Yesterday I finally made it to see Soda Kazuhiro's acclaimed documentary Senkyo [rendered in English as Campaign], in which he followed a university friend, Yamauchi Kazuhiko, as he campaigned as the LDP candidate for a city council seat in Kawasaki, Kanagawa Prefecture. (The film's official site can be viewed here.)

Filmed with one camera and lacking cuts, fades, and other editing gimmicks, the film has a raw quality — and at no time did it seem like the persons filmed broke the "fourth wall."

And I can attest to the reality of it. Senkyo is a fairly close approximation of my own campaign experience: a city council by-election in a smallish city in Kanagawa Prefecture. The difference is, of course, that I was on the DPJ side and this film shows an LDP campaign.

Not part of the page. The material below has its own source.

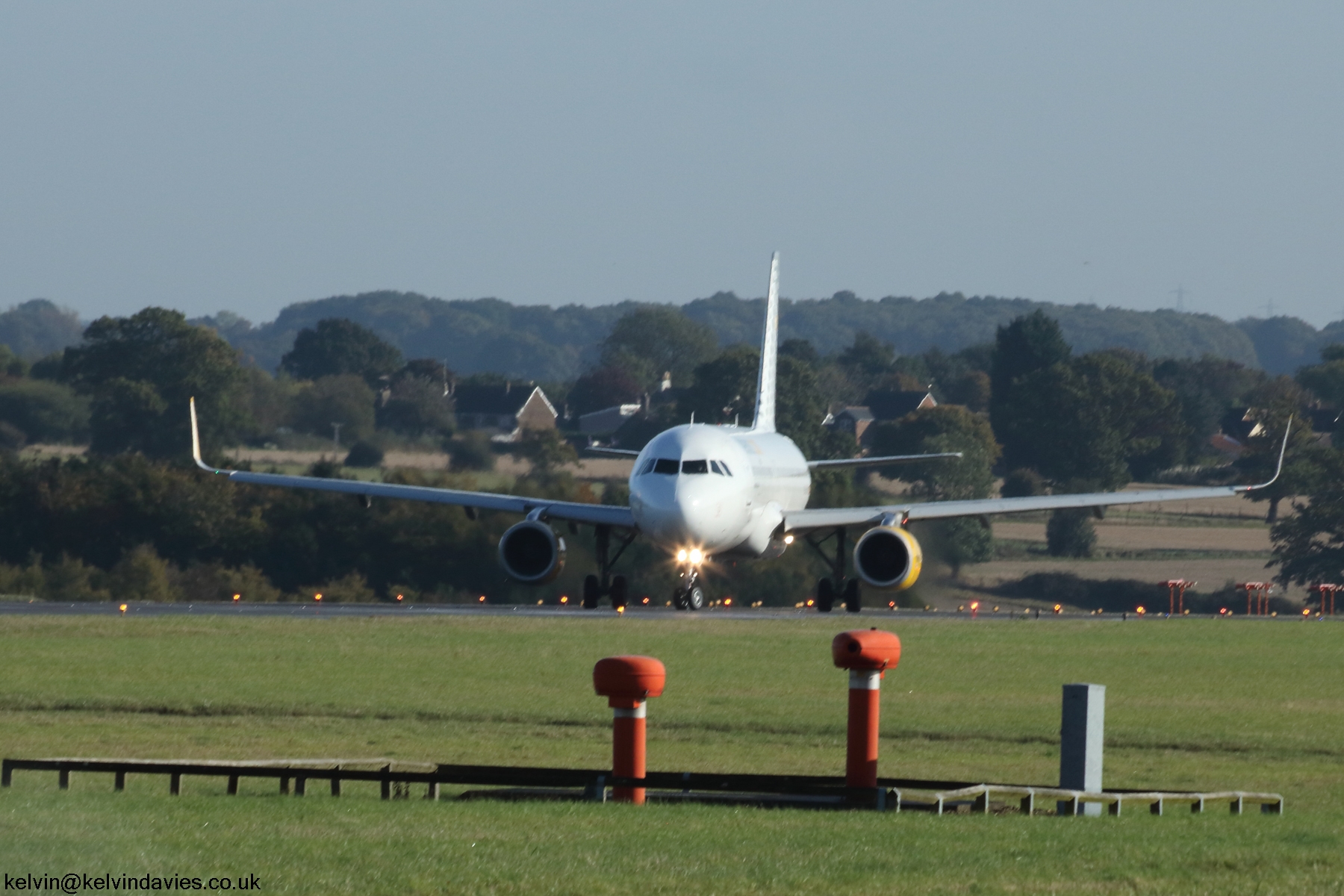 Vueling Airlines A320 EC-LZM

However, what one can see in this film is the extent to which the Japanese art of campaigning is ritualized. A number of details in Yamauchi's campaign were familiar to me, some less obvious than others. The sashes with candidates' names; the sound trucks; the white gloves on candidates; the grimy, tiny, dimly lit offices covered with endorsement posters from senior party officials and posters of the candidate; the brightly colored windbreakers worn by campaign staffers; the banners lugged from place to place; the endless amounts of bira (fliers); the utterly meaningless slogans; the very active involvement of sitting officials in getting their party's man elected; the intervention of national politicians in a tiny, largely insignificant campaign — and the otherworldly quality of Japanese campaigning, a kind of ball of noise and frenetic activity that descends upon some place and vanishes a short while later, restoring calm.

What one also sees in this film is the gossip and the pettiness and the heavy-handedness of the LDP machine — and Yamauchi's utter unsuitability for campaigning — but that is not what I want to discuss here.

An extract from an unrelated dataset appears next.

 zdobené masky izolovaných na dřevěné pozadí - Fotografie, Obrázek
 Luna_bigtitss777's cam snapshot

Rather, Soda's film rises an important question: what is the value of elections if they do not act a transmission belt for the priorities and concerns of voters? There is, of course, a ritual and repetition to campaigning in any democracy — although Japan probably has more than most, and there is less use of media, admirably so, than in other mature democracies. But ideas and policies are almost incidental in this film, and so in all Japanese election campaigns. Yamauchi's policy commitment is basically "I support Prime Minister Koizumi [this was in October 2005] and reform," which cannot make all that much difference in how Kawasaki is governed. While recent election law changes (finally!) permit candidates to produce detailed election manifestos, Japanese electioneering is still rooted in the mindless repetition of the candidate's name, the party affiliation, and a short slogan. In fact, what is striking about this film is that for a film called Senkyo, there is remarkably little interaction with voters, who are for the most part indifferent (or altogether absent). The only expression of interest in politics from citizens can be seen when Koizumi came to Kawasaki to campaign for LDP candidates, prompting crowds to greet him like a rock star. But is that democratic participation, or is it demagoguery, as some Koizumi skeptics and critics claimed?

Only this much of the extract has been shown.